Figures software patents should not be legal. Software is nothing but math and math is not patent able. How fricken obvious putting grid lines on a camera. What a joke. That is like Apple patenting a black rounded edge device. They just hand out patents like candy and then let them and the lawyers get the money. Alleged patent infringement is the most expensive litigation around and it does nothing but raise the prices for me and you and create illegal monopolies. 

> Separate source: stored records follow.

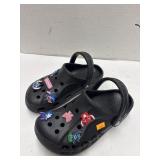 Childï¿½s Crocs size M5 W7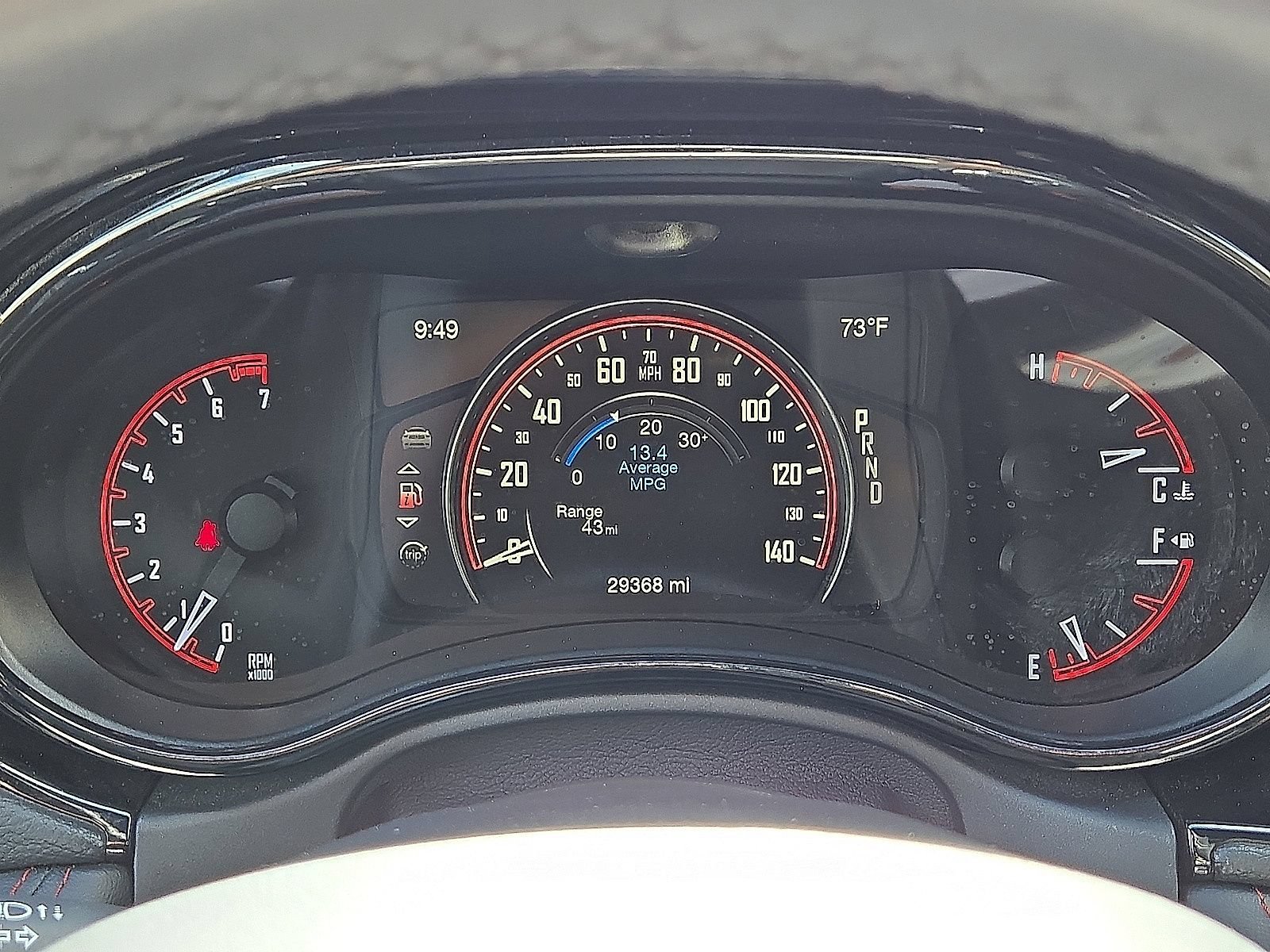 Used 2025 Dodge Durango GT AWD/4WD image 25
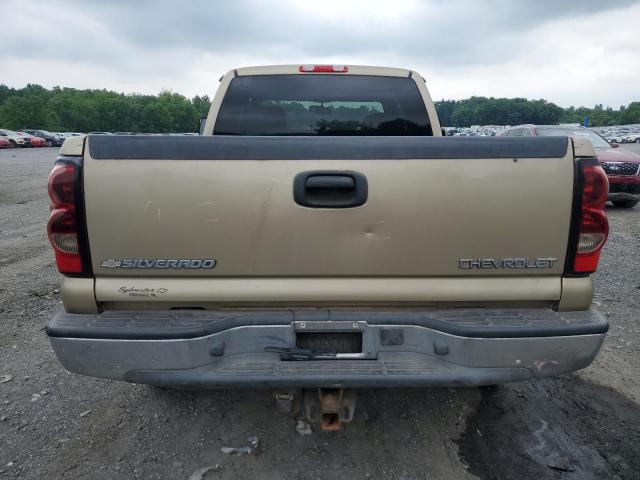 2005 Chevrolet Silverado K1500 VIN: 1GCEK19T65E208686 Lot: 57941184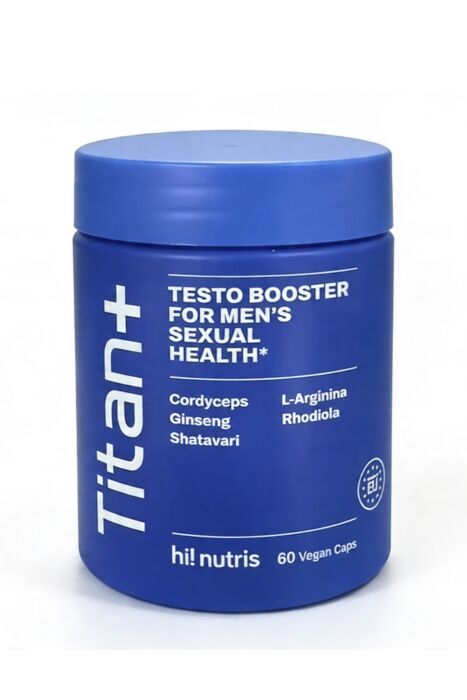 Doplňky SEXITIVE Titan+ pro mužské zdraví a vitalitu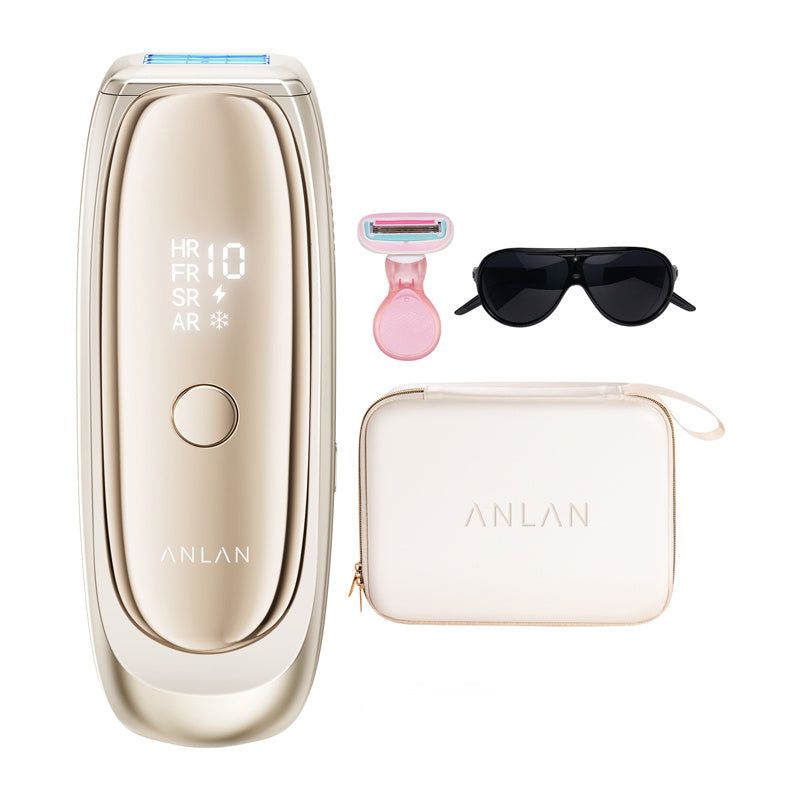 IPL epilator ANLAN 02-ATMY52-0RE - Product Image 3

If you do any kind of coding for a living chances are you infringe on a patent at least once a day. 
The government will not do anything about it because they are money makers.


----------



## obermd (Mar 3, 2012)

This wouldn't be a software patent. Yes, software is used to implement the guide lines, but the concept of the guide lines could be patented (except for the fact that it's been used in cameras for a number of years to line up panoramic photos). So basically unless all the cameras that use guide lines are paying a license fee to the patent holder already it's most likely another monumental screw up by our patent office.


----------



## jblackburn (Apr 14, 2012)

Why do you need a backup camera on a car the size of a shoe? Seriously...if you can't parallel or reverse park a Cruze without technology, you shouldn't be driving. It's got some of the best visibility frontwards/rearwards of any car on the market.


----------



## Jim Frye (Mar 16, 2011)

jblackburn said:


> Why do you need a backup camera on a car the size of a shoe? Seriously...if you can't parallel or reverse park a Cruze without technology, you shouldn't be driving. It's got some of the best visibility frontwards/rearwards of any car on the market.

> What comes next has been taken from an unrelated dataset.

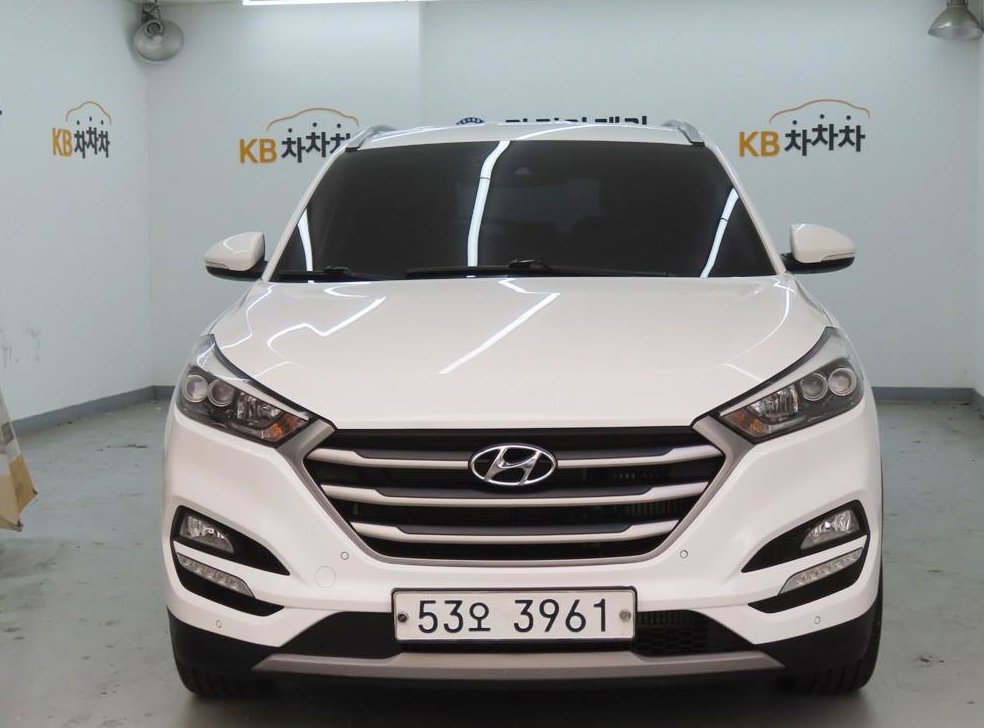 현대 투싼 디젤 2.0 2WD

I agree, but if you are going to do something new in a car, why not do it properly? Other cars in this class have guide lines.


----------



## zr1000a1 (Jan 25, 2012)

jsusanka said:


> Figures software patents should not be legal. Software is nothing but math and math is not patent able.d it does nothing but raise the prices for me and you and create illegal monopolies.
> 
> If you do any kind of coding for a living chances are you infringe on a patent at least once a day.

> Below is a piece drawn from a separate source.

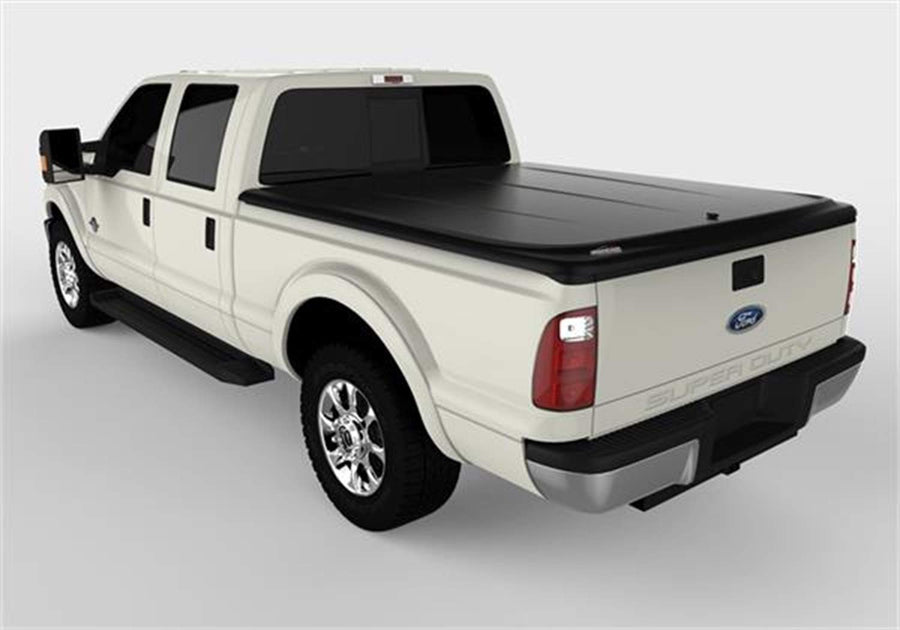 UnderCover SE RealTruck One-Piece Truck Bed Tonneau Cover | UC2126 | Fits 2008 - 2016 Ford F-250/350 Super Duty 6' 10" Bed (81.8")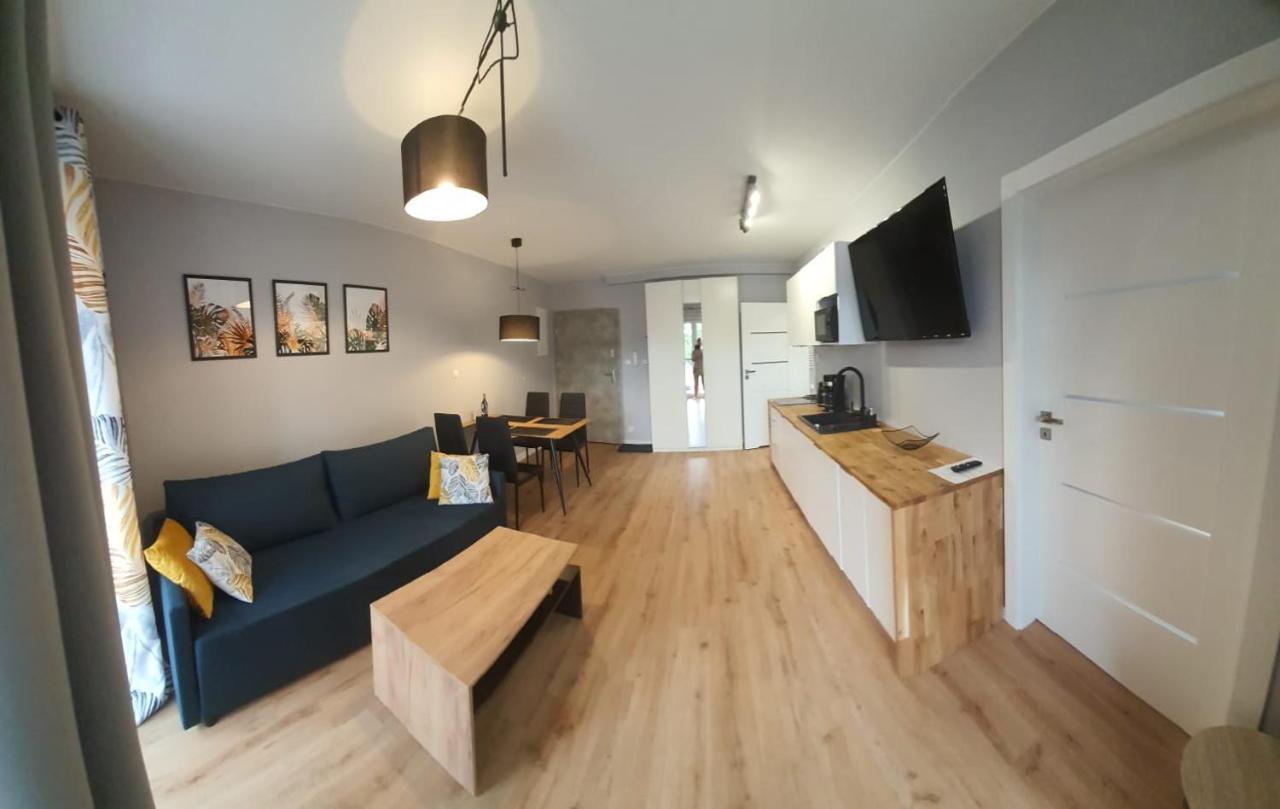 Baltic Apartament A26 بوبيروفو المظهر الخارجي الصورة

I understand what you are saying but ultimately have to disagree. People's time, money, and risk should be protected. I also like the tax revenue that companies produce when they take the risk, employ people, and dump money in developing and continuing to develop software and other concepts. 
The system might not be perfect, but neither is Richard Stallman's vision.


----------



## obermd (Mar 3, 2012)

I've seen way too many patents, both software and otherwise, that should never have been issued. The system isn't just not perfect, but it's flat out broken.


----------



## 2013Cruze (Aug 4, 2012)

From what I've read from the 2014 Cruze online owners manual the 2014 Cruze.

The back up camera doesn't have guidance lines.


----------



## Starks8 (Jul 20, 2011)

Not surprised but still disappointed! My guess is that Chevy is using up the supply of the current cameras and radios and we won't see any upgrades related to the camera and/or Mylink software until the 2015's!


----------



## 2013Cruze (Aug 4, 2012)

Starks8 said:


> Not surprised but still disappointed! My guess is that Chevy is using up the supply of the current cameras and radios and we won't see any upgrades related to the camera and/or Mylink software until the 2015's!


It was the Canadian 2014 Cruze Diesel owners manual.

Don't think it will make much difference though.


----------